I-Corps: Low-Cost Organic Light-Emitting Diode (OLED)-Based Infrared Sensor

$500K USD

Funder National Science Foundation (US)
Recipient Organization Oklahoma State University
Country United States
Start Date Jun 01, 2021
End Date Nov 30, 2022
Duration 547 days
Number of Grantees 1
Roles Principal Investigator
Data Source National Science Foundation (US)
Grant ID 2131660
Grant Description

The broader impact/commercial potential of this I-Corps project is to provide an innovative ultra low-cost but high-performance organic light-emitting diode (OLED)-based infrared sensor technology. The infrared detector market is expected to grow significantly, driven by sensing applications for people and motion, temperature measurement, and security and surveillance applications.

Current infrared sensor technology is limited due to high costs and limited pixel resolution of about 1 million pixels. The OLED-based infrared sensor technology can potentially achieve sensors with small and lightweight form factors with high-resolution and ultra low-cost. Potential areas of integration for these sensors can include drones, smartphones, smart glasses, and automobile applications.

This I-Corps project is based on the development of an organic light-emitting diode (OLED) based infrared sensor technology. Traditional infrared sensor technologies are expensive because infrared-sensitive semiconductors require an epitaxial growth process and the infrared photodetector pixel arrays must be electrically connected to silicon-based readout integrated circuits (ROIC) by a complicated chip bonding processes.
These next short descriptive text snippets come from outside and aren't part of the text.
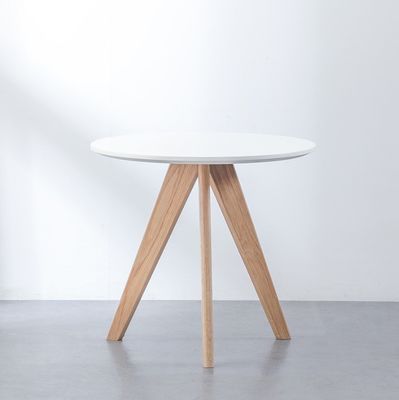 No Doblado Moderno de madera nórdica Muebles de mesa de café lateral de madera sólida Mesa de café acabado Nitrolacquer para el salón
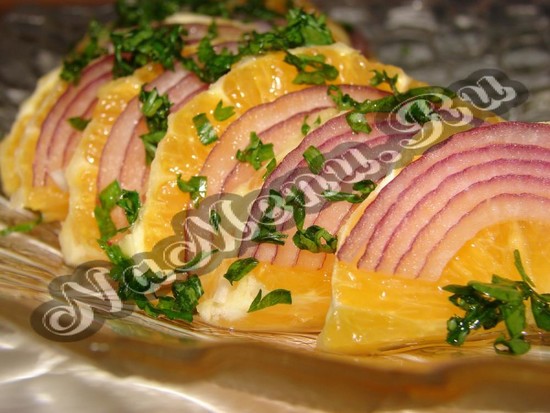Салат из апельсинов и лука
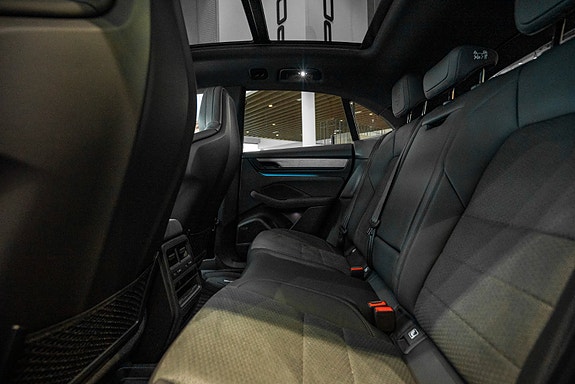 Porsche Macan 28 of 30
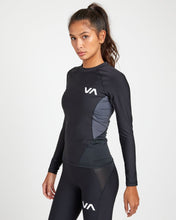 Carregar imagem no visualizador da galeria, VA Sport- camiseta de compresión de manga larga para mujer - StockBJJ
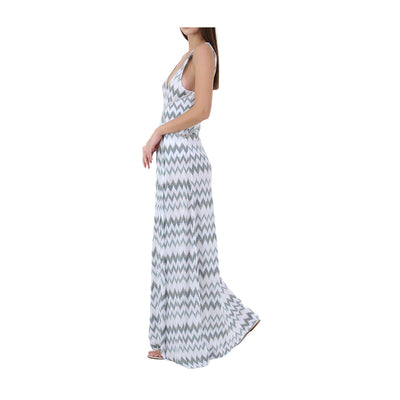 Long woman dress with zig zag pattern
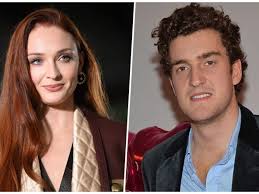 Sophie Turner y Peregrine Pearson: Un Romance Aristocrático Bajo el  Escrutinio Público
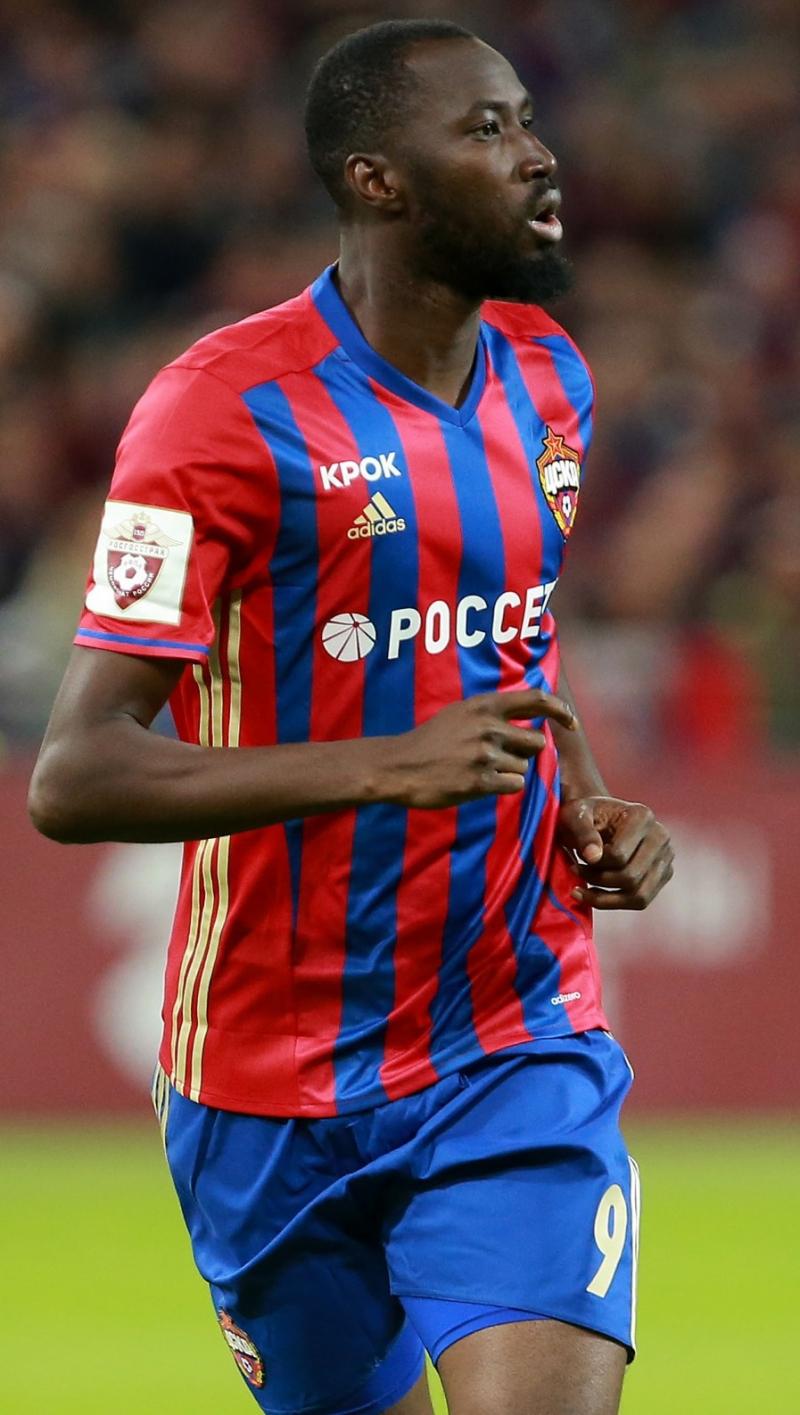 Tiền đạo Lacina Traore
The proposed OLED-based infrared sensor structure does not require these steps. The sensors are fabricated with an infrared-to-visible up-conversion OLED coupled optically (not electronically) on an inexpensive Commercial-Off-The-Shelf visible complementary metal-oxide-semiconductor image sensor. These OLED-based infrared sensors can achieve both higher resolution and significantly lower cost than traditional sensors.

This award reflects NSF's statutory mission and has been deemed worthy of support through evaluation using the Foundation's intellectual merit and broader impacts review criteria.